Allow me to explain further the concept of natural rights, which we should all know: Government doesn't give us rights, God gives us them from the time of conception. Rights to life, to liberty, to private property, and a host of others, but the first three are the triumvirate of the most important natural rights. Before we form governments, we are in what Thomas Hobbes calls a "State of Nature" where "life is nasty, brutish, and short." To protect our rights, we agree to form government, which is a pure and abominable, but regrettably necessary in some instances, evil, in what John Locke calls the "social contract." Government is allowed to secure our rights, but as it is the most evil institution known to man it may do nothing else but protect our rights, whenever it does otherwise it breaks the social contract and we are free to form a new government.

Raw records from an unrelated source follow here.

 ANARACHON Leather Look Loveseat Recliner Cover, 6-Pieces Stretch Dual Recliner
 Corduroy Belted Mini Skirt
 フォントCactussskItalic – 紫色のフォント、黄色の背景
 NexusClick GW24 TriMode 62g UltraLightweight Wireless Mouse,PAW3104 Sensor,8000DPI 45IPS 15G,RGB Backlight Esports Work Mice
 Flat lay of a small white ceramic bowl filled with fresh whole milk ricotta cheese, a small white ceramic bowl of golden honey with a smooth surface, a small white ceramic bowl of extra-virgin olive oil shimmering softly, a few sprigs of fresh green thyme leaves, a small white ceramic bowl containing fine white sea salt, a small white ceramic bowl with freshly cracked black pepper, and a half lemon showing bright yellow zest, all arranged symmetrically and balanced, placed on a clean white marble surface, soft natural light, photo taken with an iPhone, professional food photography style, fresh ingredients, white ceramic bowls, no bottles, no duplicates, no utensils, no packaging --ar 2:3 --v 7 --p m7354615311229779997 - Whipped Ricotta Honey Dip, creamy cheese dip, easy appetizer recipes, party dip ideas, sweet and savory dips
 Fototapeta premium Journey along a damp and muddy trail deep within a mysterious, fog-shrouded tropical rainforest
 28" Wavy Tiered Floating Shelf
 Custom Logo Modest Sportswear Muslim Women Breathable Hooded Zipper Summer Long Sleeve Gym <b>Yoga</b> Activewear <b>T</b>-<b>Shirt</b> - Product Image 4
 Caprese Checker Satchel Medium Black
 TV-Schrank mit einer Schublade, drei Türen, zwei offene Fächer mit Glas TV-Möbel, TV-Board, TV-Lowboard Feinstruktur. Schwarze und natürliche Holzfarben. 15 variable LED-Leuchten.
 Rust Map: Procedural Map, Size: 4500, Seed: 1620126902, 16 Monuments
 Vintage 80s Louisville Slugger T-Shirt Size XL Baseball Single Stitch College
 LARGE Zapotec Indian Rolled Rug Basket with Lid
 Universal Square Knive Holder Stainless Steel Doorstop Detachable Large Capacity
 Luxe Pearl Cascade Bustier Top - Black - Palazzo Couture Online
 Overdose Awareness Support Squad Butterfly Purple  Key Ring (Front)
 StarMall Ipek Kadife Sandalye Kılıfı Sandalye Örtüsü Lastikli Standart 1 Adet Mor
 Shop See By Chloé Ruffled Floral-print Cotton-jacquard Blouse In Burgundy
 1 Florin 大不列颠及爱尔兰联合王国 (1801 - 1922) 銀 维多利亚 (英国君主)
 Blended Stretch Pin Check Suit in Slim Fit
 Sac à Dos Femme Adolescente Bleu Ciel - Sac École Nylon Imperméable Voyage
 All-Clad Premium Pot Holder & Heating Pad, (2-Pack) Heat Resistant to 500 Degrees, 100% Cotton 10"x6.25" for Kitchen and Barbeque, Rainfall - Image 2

But here's the catch: not all rights are created equal. The most important is the right to life, without life you have no other rights. Therefore the right to life outweighs all other rights anyone may have -- that's why you'd be justified to steal food if you were starving to death or shoot an attacker. The Founding Fathers, when they said the Constitution was the highest law of the land, meant as I said before, the highest HUMAN law of the land. Since the Constitution doesn't give us our rights but God does, according to the political theory of the founding fathers, government would be failing its duty if it did not fight with every fiber of its being to defend human life.
I am a man in favour of States' Rights, but when it comes to the abridgement of preexisting natural rights, granted by God, I am more in obedience to Higher Law than the Constitution. So would be all the Founders.